[Opening Records to use section]

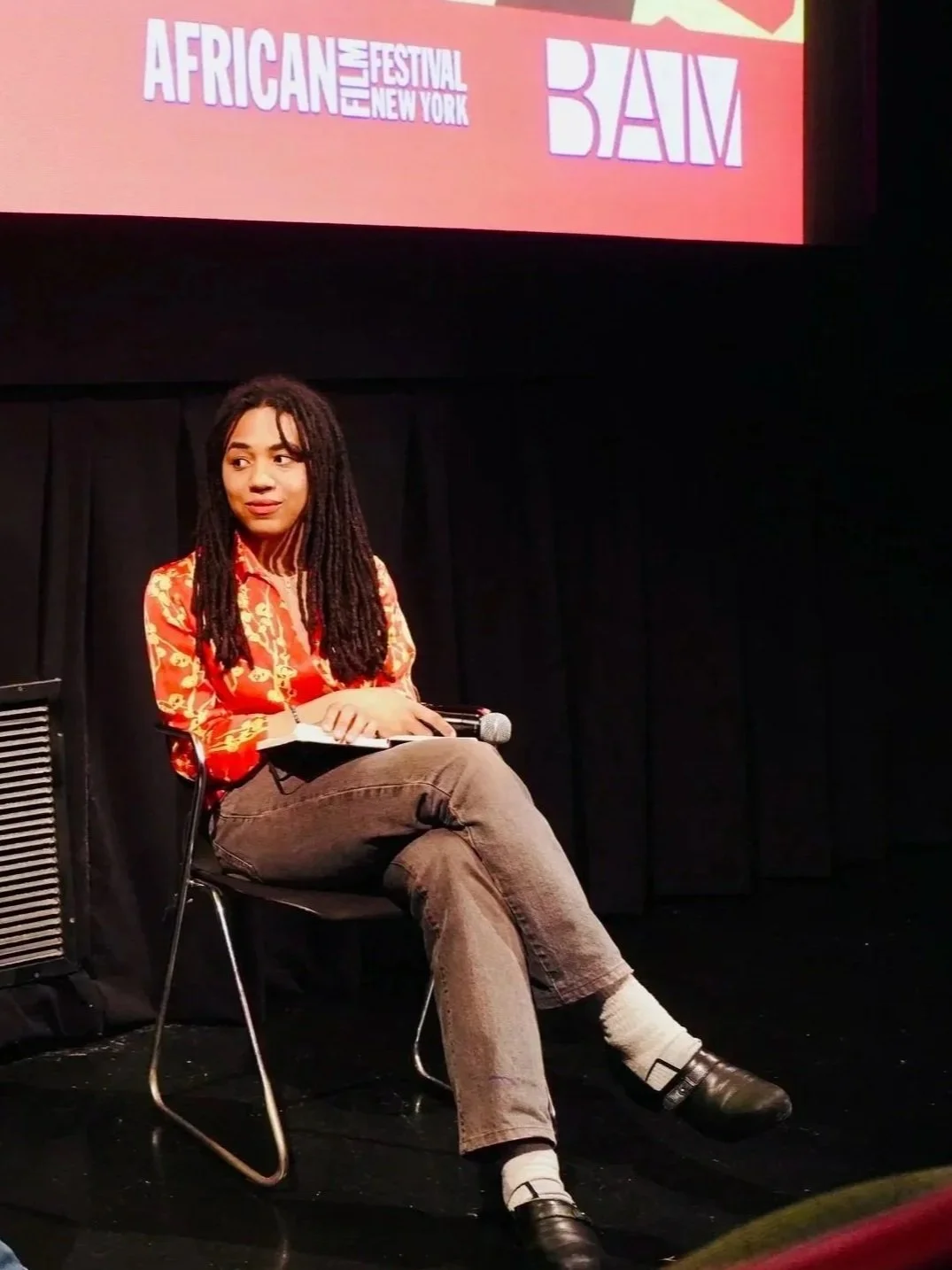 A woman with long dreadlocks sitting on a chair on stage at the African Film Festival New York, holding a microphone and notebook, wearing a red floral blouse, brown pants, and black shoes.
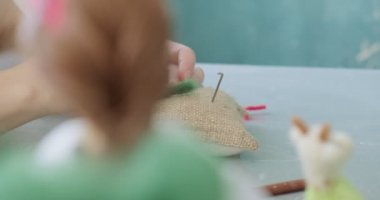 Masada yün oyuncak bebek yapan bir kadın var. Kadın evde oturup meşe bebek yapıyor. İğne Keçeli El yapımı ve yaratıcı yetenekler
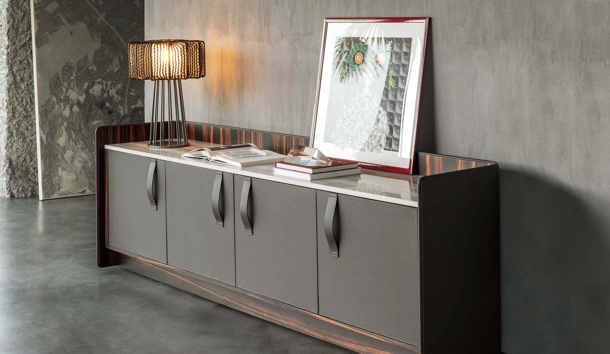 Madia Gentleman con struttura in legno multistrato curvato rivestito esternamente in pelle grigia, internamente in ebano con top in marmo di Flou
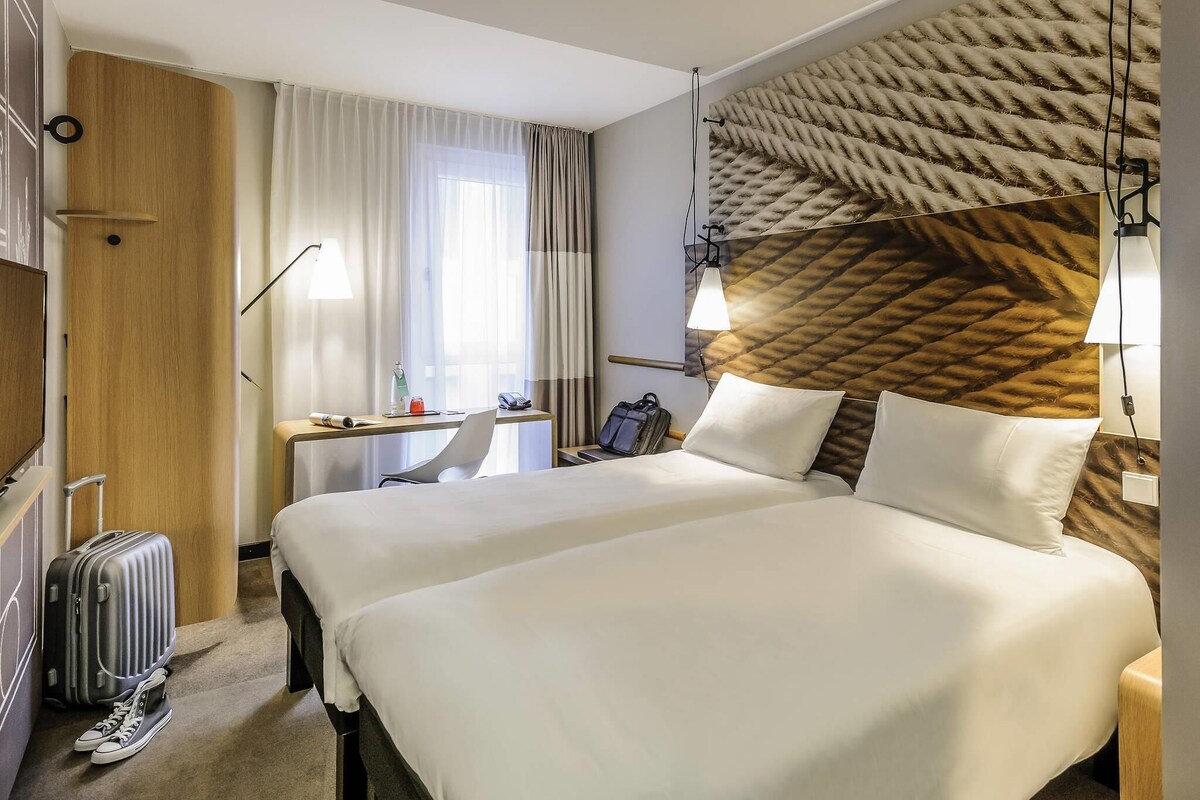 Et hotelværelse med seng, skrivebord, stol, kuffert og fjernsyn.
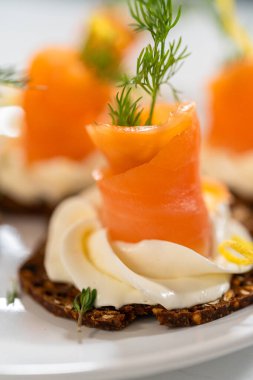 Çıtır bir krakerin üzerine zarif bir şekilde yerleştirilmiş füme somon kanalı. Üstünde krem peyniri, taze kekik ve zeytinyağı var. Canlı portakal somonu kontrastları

[Closing Records to use section]

= Directions =
Please repeat the lines above from the line containing "Et hotelværelse med" through the final line, both included, exactly as they stand and without pictures.

= Answer box =
 Et hotelværelse med seng, skrivebord, stol, kuffert og fjernsyn.
 Çıtır bir krakerin üzerine zarif bir şekilde yerleştirilmiş füme somon kanalı. Üstünde krem peyniri, taze kekik ve zeytinyağı var. Canlı portakal somonu kontrastları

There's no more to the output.